Licensees requested to increase capacity from a small family child care home to a large family child care home. Capacity increase application was submitted to department July 24, 2024. Fire clearance approval has been obtained on Aug 21, 2024.

Licensee, Francesca, and licensee Mary live in the home with Mary’s spouse, and 2 other adults. Licensees were reminded if children live in the home under 10 years old, they are counted towards overall capacity. All adults living and/or working in the home have fingerprint clearance on file. Hours of operation are Monday through Friday 8:00am to 5:00pm

The DAY CARE AREAS now approved are the living room, dining room, family room, 1/2 bathroom (bathroom #1), and deck in backyard.
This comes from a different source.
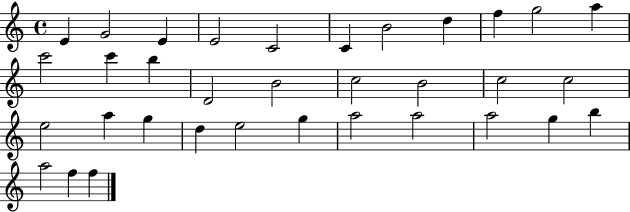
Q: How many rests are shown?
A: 0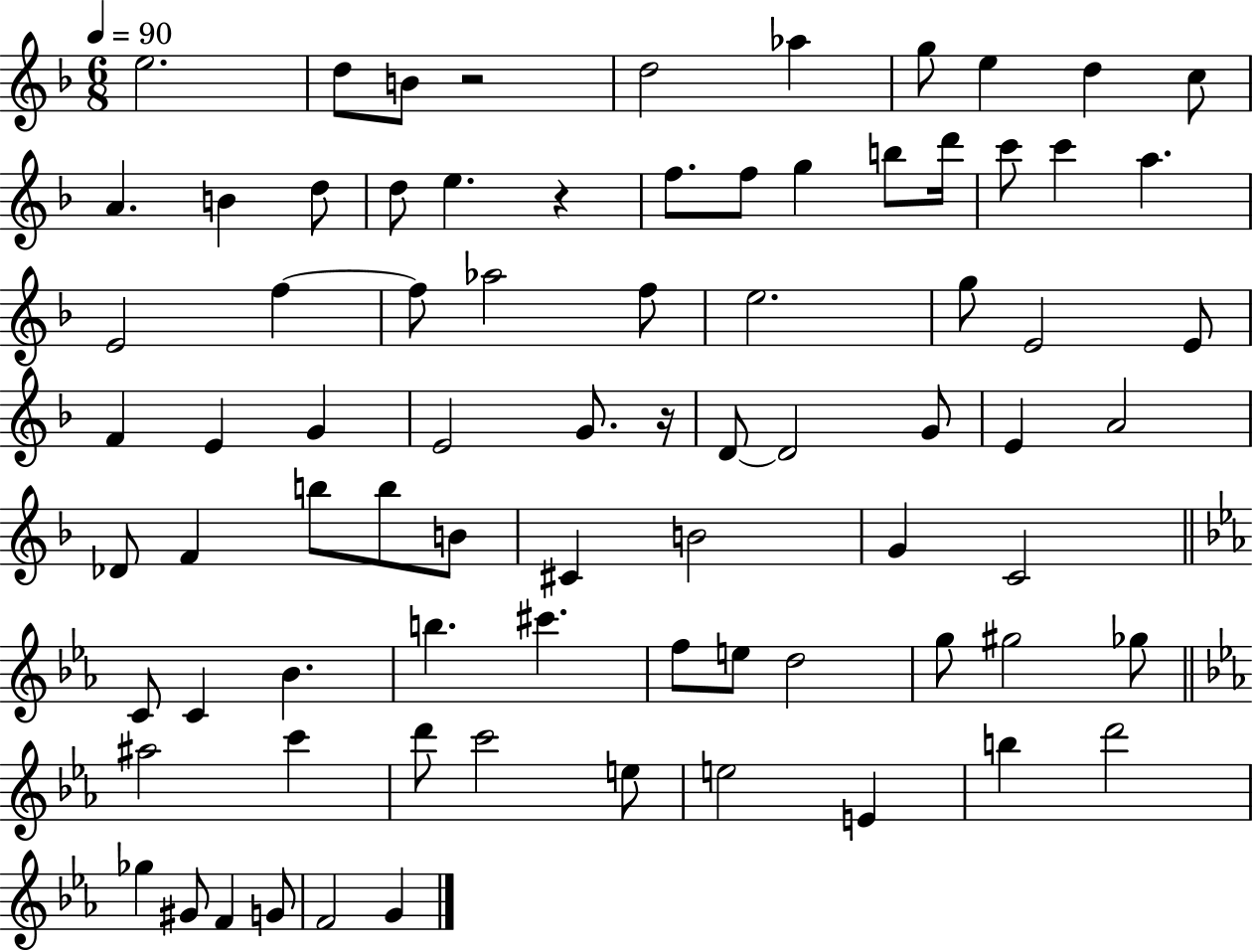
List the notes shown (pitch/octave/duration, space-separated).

E5/h. D5/e B4/e R/h D5/h Ab5/q G5/e E5/q D5/q C5/e A4/q. B4/q D5/e D5/e E5/q. R/q F5/e. F5/e G5/q B5/e D6/s C6/e C6/q A5/q. E4/h F5/q F5/e Ab5/h F5/e E5/h. G5/e E4/h E4/e F4/q E4/q G4/q E4/h G4/e. R/s D4/e D4/h G4/e E4/q A4/h Db4/e F4/q B5/e B5/e B4/e C#4/q B4/h G4/q C4/h C4/e C4/q Bb4/q. B5/q. C#6/q. F5/e E5/e D5/h G5/e G#5/h Gb5/e A#5/h C6/q D6/e C6/h E5/e E5/h E4/q B5/q D6/h Gb5/q G#4/e F4/q G4/e F4/h G4/q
The OFF LIMIT AREAS are the kitchen, bedroom #1, bedroom#2, bedroom#3, bathroom #2, part of the backyard, garage, and storage. Off limit areas are made inaccessible with child safety door handles and/or a child safety gates. Home is equipped with a fully charged fire extinguisher, first aid kit and smoke and carbon monoxide detectors. LPA observed a carbon monoxide detector in dining room.

Capacity limits and ratios for a large family day care have been reviewed with the licensees on this date. LPA reminded licensees that an assistant must be present when operating as a large license. LPA reminded licensees when an assistant is not present, licensees must operate within capacity limits of a small family child care home.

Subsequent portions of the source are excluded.